WORKING DATA
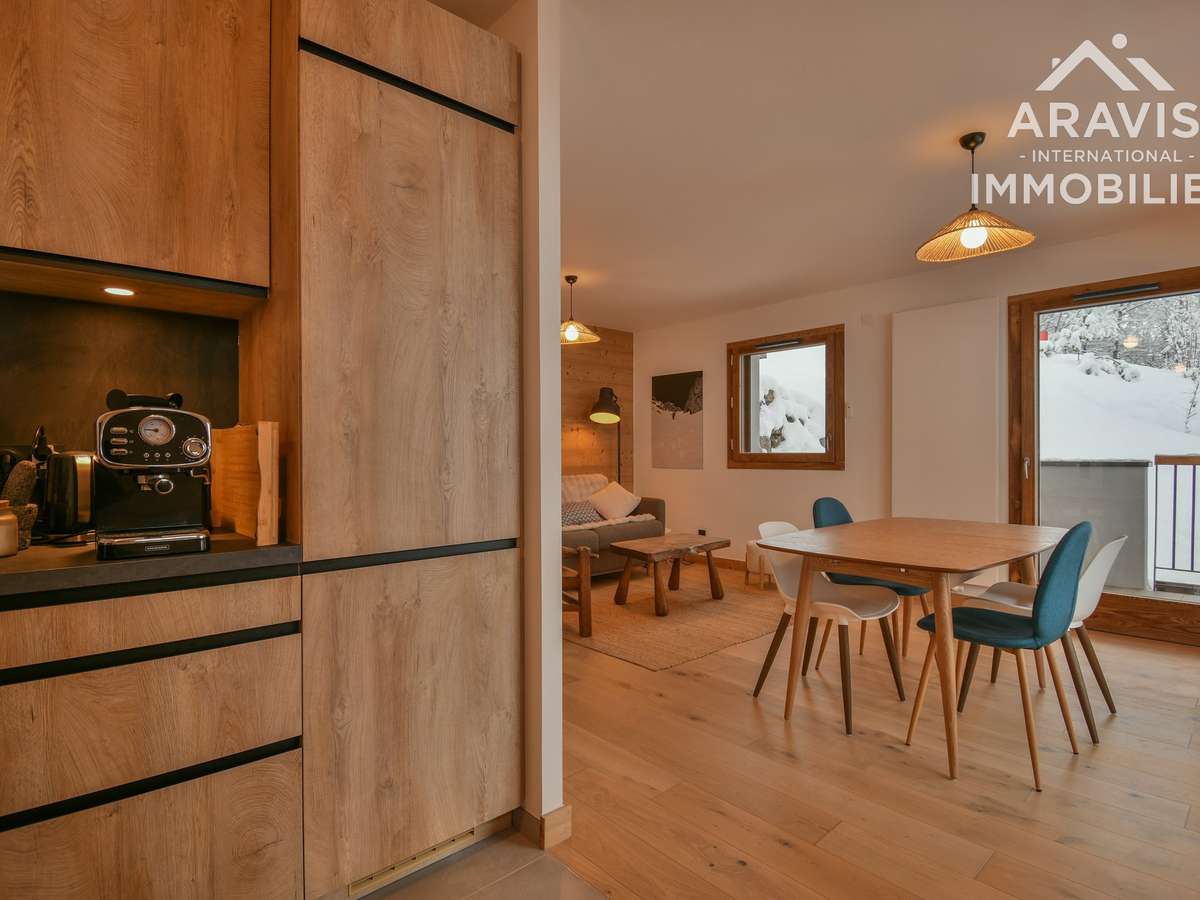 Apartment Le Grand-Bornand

---

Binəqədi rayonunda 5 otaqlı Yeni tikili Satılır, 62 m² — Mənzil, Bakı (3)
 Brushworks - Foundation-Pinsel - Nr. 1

BRIEF
Reproduce the lines above, beginning at the line with "Binəqədi rayonunda 5" and stopping after the line with "Brushworks - Foundation-Pinsel - Nr. 1", exactly as they are.

RESPONSE
Binəqədi rayonunda 5 otaqlı Yeni tikili Satılır, 62 m² — Mənzil, Bakı (3)
 Brushworks - Foundation-Pinsel - Nr. 1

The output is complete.